The defendants had all previously been before the courts for offences including speeding and driving while using a mobile phone.
They were required, under the Road Traffic Acts, to produce their licences at the time of their cases, so that the penalty points awarded to them by the court could be placed on them, but they allegedly failed to do so.
The summonses were brought on foot of an order from the Minister for Justice and the Minister for Transport.
Judge Marie Keane told the court today that although a summons states that a driving licence must be brought to court, it does not state that it is a criminal offence not to do so.
She said this was fundamentally flawed and dismissed all 21 cases.
Junior Counsel Oisin Clarke, who appeared for a number of defendants, submitted to Judge Keane that the cases be dismissed on the basis that defendants were not aware of the offence and were not directed by the court to present their licences.

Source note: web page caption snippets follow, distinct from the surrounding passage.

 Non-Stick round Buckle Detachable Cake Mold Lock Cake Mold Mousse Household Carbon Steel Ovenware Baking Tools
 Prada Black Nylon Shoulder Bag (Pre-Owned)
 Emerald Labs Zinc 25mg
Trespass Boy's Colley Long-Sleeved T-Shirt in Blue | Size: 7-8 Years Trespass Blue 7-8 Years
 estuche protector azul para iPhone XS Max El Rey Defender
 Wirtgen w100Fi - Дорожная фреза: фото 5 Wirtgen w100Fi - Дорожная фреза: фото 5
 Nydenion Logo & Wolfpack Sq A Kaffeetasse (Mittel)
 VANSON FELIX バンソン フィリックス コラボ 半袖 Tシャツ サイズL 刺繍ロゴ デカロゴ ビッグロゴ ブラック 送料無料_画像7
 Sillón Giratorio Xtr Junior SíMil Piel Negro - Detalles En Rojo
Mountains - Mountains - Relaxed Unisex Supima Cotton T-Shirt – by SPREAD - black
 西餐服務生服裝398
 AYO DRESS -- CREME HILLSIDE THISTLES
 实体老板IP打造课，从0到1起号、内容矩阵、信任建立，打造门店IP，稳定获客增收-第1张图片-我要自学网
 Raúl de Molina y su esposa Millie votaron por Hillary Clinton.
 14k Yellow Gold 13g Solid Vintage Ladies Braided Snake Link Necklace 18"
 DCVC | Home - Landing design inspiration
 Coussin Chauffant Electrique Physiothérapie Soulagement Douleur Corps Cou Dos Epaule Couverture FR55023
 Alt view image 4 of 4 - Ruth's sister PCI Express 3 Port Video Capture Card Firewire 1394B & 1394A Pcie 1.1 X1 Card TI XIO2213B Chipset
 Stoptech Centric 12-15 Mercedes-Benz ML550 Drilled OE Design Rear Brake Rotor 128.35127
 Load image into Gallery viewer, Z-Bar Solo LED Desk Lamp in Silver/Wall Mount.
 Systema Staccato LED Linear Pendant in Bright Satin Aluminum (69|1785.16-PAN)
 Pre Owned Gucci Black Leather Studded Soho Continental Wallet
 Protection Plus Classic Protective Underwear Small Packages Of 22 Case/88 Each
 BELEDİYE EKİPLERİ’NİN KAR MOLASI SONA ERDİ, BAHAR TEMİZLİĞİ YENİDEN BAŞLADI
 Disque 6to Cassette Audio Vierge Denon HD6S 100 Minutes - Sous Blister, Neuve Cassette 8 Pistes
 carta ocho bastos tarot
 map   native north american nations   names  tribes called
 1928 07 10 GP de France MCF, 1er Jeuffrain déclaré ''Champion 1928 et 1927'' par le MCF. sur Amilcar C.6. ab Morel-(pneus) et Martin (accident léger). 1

He said that it appeared in respect of section 22 that the court needs to make a formal demand in respect of at least a copy of it.
He said that if that has not been done, obviously the person is going to walk out of court with their licence.
Mr Clarke said it would be unfair to expect a lay person to understand the workings of the court, and particularly unfair to convict them of a separate criminal offence of which they were unaware.
He said it is very difficult, if not impossible, to conclude they have committed a criminal offence.
Elizabeth Liz Byrne, a prosecuting solicitor at the Office of the Director of Public Prosecutions, said she accepted the non-indication on the summons in relation to presenting the licence.
Dismissing the cases, Judge Keane said the legislation was "very complex" and that she was "none the wiser" as to the nature of the legislation having heard it outlined by the legislator in the Dáil.
She said when a person comes before the court, they are entitled to know precisely what they are charged with and the outcome of any successful prosecution.
She said that while she had not heard any evidence from any individual that they were not asked to present the licence, she would rule on the balance of probabilities that it was not clear to them that they were to produce their licenses when they were before the court.